Para terminar, una puntualización materialista: las “revoluciones culturales” y las “reformas morales”, y sin duda el programa de la lujosa pobreza aquí esbozado, no pueden ser entendidas como fruto de las intenciones voluntaristas de sujetos políticos. Las formas de vida son fenómenos constituidos estructuralmente. Y será la modificación de las estructuras sociales la que podrá tener efectos contrastables en lo referente a la conformación de los patrones de subjetividad de la mayor parte de la población.

Para la lujosa pobreza, será tan importante hilar una nueva narrativa utópica ecologista que construya nuevos imaginarios de deseo y vida buena como vital encuadrar todas estas resignificaciones en algunas conquistas populares que marcarán nuevos horizontes de derechos. Y estos últimos traerán consigo nuevas condiciones de posibilidad para la vida social. Repartir equitativamente tiempo productivo y reproductivo para ganar libertad personal, distribuir riqueza para extender seguridad colectiva y consolidar lo común como principio director para optimizar ecológicamente la riqueza existente: esta podría ser la triada básica de metas que defendería este reformismo revolucionario, como lo llamaba André Gorz. La renta básica universal, la jornada laboral de 30 horas semanales, la licencia libre obligatoria en cualquier investigación/desarrollo con participación de dinero público y la red de cosotecas municipales (bibliotecas de préstamo ciudadano de objetos) podrían ser los buques insignia de un programa que procure alcanzar esos objetivos.

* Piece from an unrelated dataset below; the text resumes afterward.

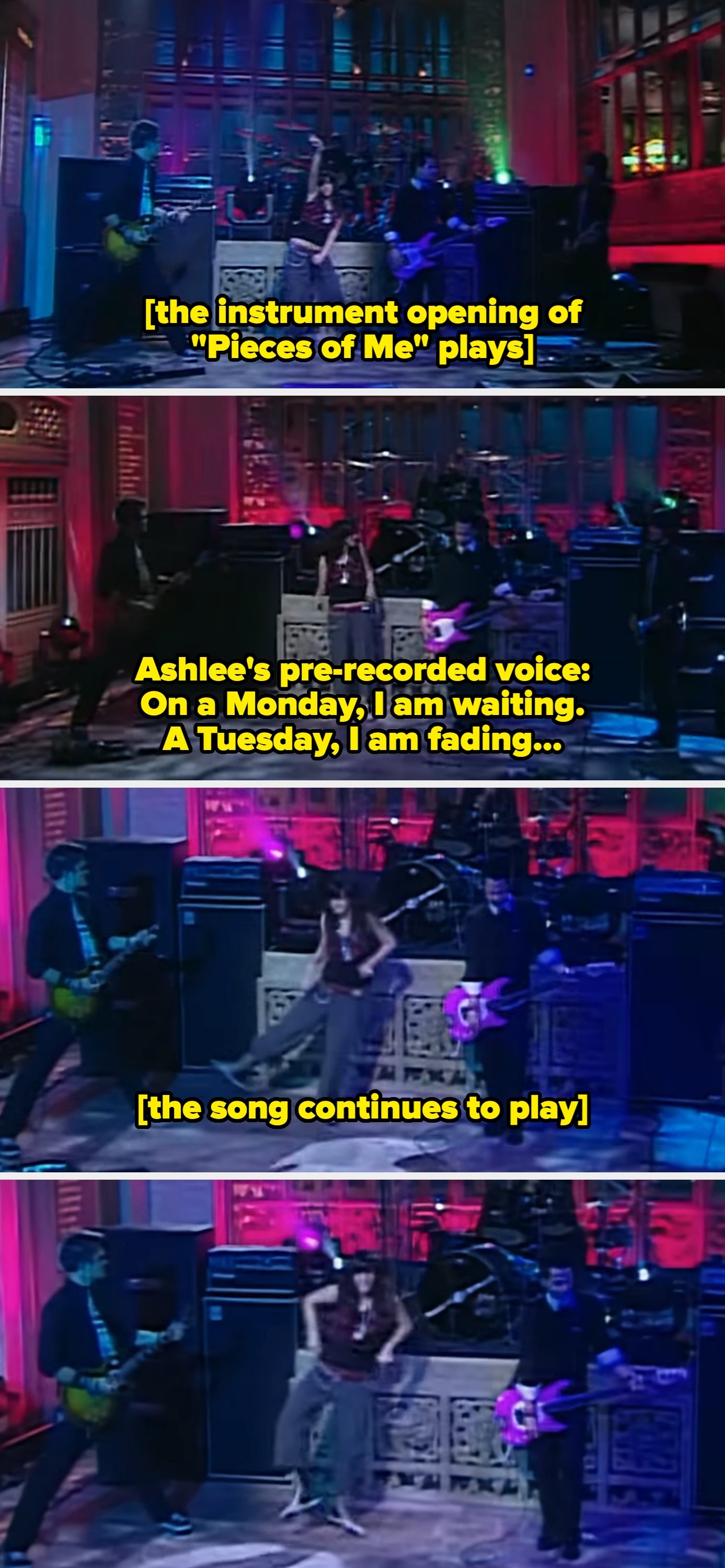 Ashlee's pre-recorded voice sings "Pieces of Me." Ashlee awkwardly dances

Muchas de las formas individualizadas de libertad de consumo que prosperaron durante el neoliberalismo, y que sirvieron de efecto compensatorio ante la precarización de la vida cotidiana, se han vuelto privilegios ecológicos que atentan contra el principio más básico de la democracia: la universalidad. Un proyecto de transición ecológica socialmente justa debe organizar la supresión de estos privilegios. Pero esto solo será políticamente viable si, en contraprestación, aseguramos un enorme salto en seguridad material combinado con un horizonte de sentido de vida más seductor. En definitiva, las ciudades sostenibles del siglo xxi deben poner su granito de arena en la inversión del pacto social neoliberal: si este intercambiaba precariedad económica por consumo conspicuo de masas, el pacto ecosocial debe ceder prosperidad energética y material a cambio de seguridad económica y de una nueva y más grata idea de felicidad, inspirada en algo así como unos votos colectivos de lujosa pobreza.